What to produce: Transcribe word for word the section of the records below that opens with the line containing "Foswerd 17 tertiary image" and closes with the line containing "USED 2015 65"; drop every picture.

Data extract:
———

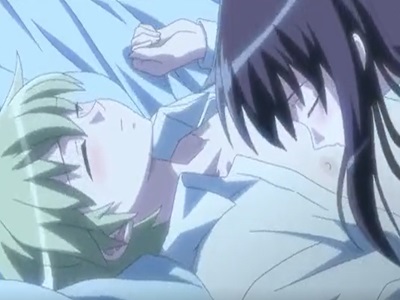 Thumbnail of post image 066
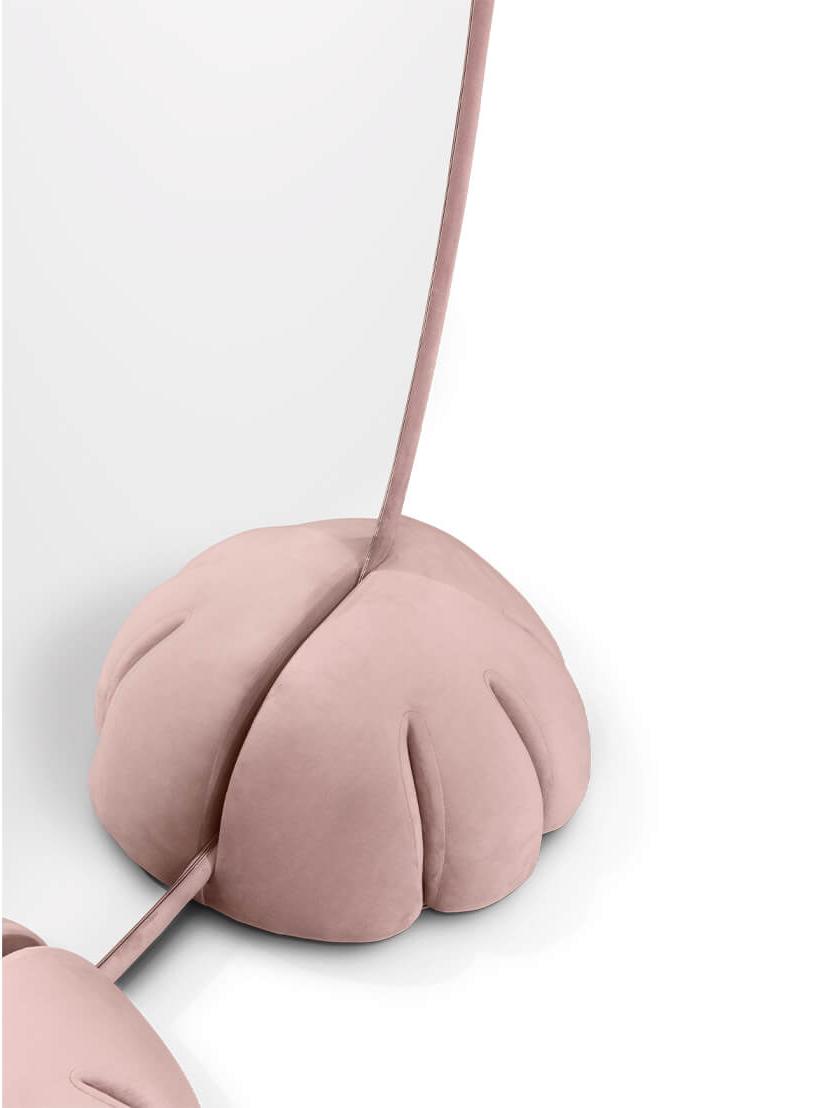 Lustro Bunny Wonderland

———

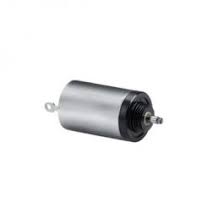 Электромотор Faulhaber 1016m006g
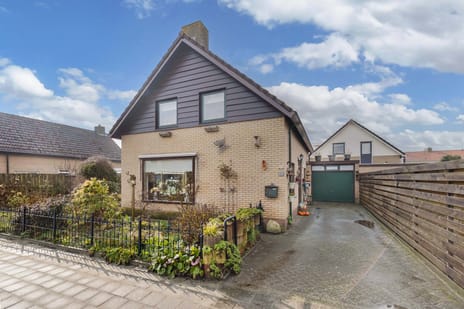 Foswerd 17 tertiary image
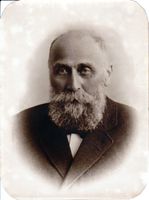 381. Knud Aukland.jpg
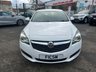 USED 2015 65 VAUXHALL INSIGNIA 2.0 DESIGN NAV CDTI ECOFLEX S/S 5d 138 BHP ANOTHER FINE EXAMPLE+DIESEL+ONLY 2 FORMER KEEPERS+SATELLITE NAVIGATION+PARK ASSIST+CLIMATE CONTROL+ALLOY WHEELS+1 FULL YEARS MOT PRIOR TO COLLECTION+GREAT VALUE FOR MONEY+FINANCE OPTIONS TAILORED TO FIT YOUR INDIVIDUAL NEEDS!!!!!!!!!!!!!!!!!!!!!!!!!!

———

Answer below:
 Foswerd 17 tertiary image
 381. Knud Aukland.jpg
 USED 2015 65 VAUXHALL INSIGNIA 2.0 DESIGN NAV CDTI ECOFLEX S/S 5d 138 BHP ANOTHER FINE EXAMPLE+DIESEL+ONLY 2 FORMER KEEPERS+SATELLITE NAVIGATION+PARK ASSIST+CLIMATE CONTROL+ALLOY WHEELS+1 FULL YEARS MOT PRIOR TO COLLECTION+GREAT VALUE FOR MONEY+FINANCE OPTIONS TAILORED TO FIT YOUR INDIVIDUAL NEEDS!!!!!!!!!!!!!!!!!!!!!!!!!!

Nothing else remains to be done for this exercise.